Parmi les bonus du DVD on découvre Redemption, court métrage qu’on peut voir également dans une salle du MK2 Beaubourg à Paris depuis mercredi. Grand petit film constitué d’images d’archives, empruntées à des documentaires scientifiques, des images d’actualités ou de longs métrages de fiction (Miracle à Milan de De Sica) sur la quête de rédemption de trois hommes et une femme qui expriment en voix off et à des moments clés de leurs vie le besoin de se confier : Le 21 janvier 1975, dans un village du nord du Portugal, un enfant écrit à ses parents en Angola pour leur dire combien le Portugal est triste. Le 13 juillet 2011, à Milan, un vieil homme se souvient de son premier amour. Le 6 mai 2012, à Paris, un homme dit à sa petite fille qu’il ne sera jamais véritablement un père. Lors d’une cérémonie de mariage le 3 septembre 1977 à Leipzig, la mariée lutte contre un opéra de Wagner qu’elle ne peut se sortir de la tête. Ces trois personnages, les cartons de fin nous apprennent que ce sont Pedro Passos Coelho, Silvio Berlusconi, Nicolas Sarkozy et Angela Merkel, transformés en personnages de fiction avec des confessions et des biographies qui sont le fruit de l’imagination des auteurs, Miguel Gomes et Mariana Rocardo.
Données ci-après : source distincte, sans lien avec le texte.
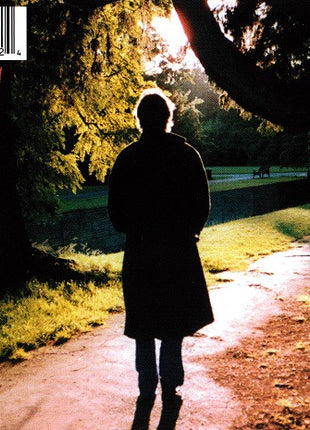 Robyn Hitchcock : Luxor (CD, Album)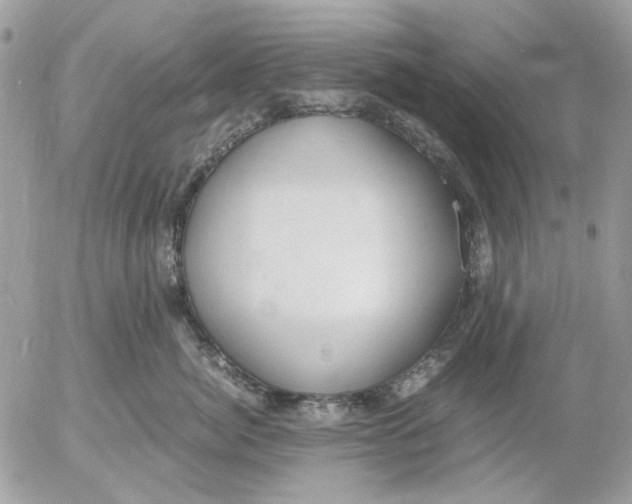 X0000052550764200507291915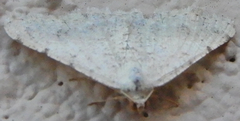 Digrammia pallidata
Ce superbe court métrage a été coproduit par l’école du Fresnoy avec la participation des élèves des promotions Raul Ruiz et Chris Marker, parrains de rêve de Redemption puisqu’on pense beaucoup à eux, à leur art du montage dialectique entre l’image et le son en regardant le film.

Miguel Gomes prépare actuellement son quatrième long métrage, une version originale des 1001 Nuits coproduite par ARTE France Cinéma et ZDF, attendue pour 2015.